▶ _The problem_: Give again, word for word, every line below from the one that has "目前,由唐艺昕,林峯主演的古装大戏《独步天下》正在热播,跌宕起伏的" through the one that has "1018 Manor Rd, Salina, KS 67401", both included, and no others.

***** Data supplied *****

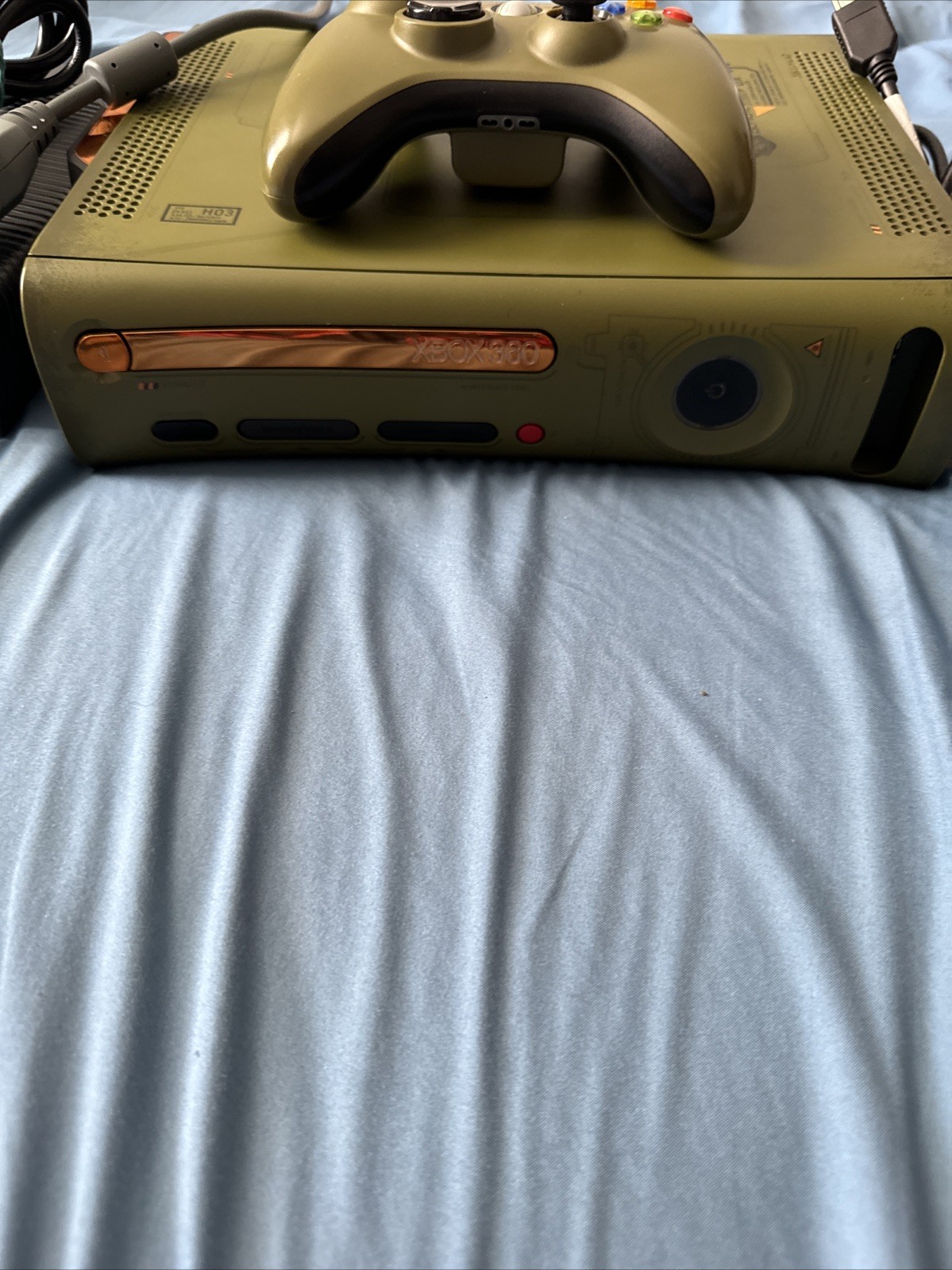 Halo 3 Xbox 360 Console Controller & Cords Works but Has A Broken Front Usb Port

*****
***** Data supplied *****

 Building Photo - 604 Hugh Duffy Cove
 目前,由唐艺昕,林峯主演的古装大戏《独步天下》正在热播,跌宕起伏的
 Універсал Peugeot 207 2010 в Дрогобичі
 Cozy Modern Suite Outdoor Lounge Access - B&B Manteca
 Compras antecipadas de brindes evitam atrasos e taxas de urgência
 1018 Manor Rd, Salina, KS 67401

*****

▶ _Response area_:
 目前,由唐艺昕,林峯主演的古装大戏《独步天下》正在热播,跌宕起伏的
 Універсал Peugeot 207 2010 в Дрогобичі
 Cozy Modern Suite Outdoor Lounge Access - B&B Manteca
 Compras antecipadas de brindes evitam atrasos e taxas de urgência
 1018 Manor Rd, Salina, KS 67401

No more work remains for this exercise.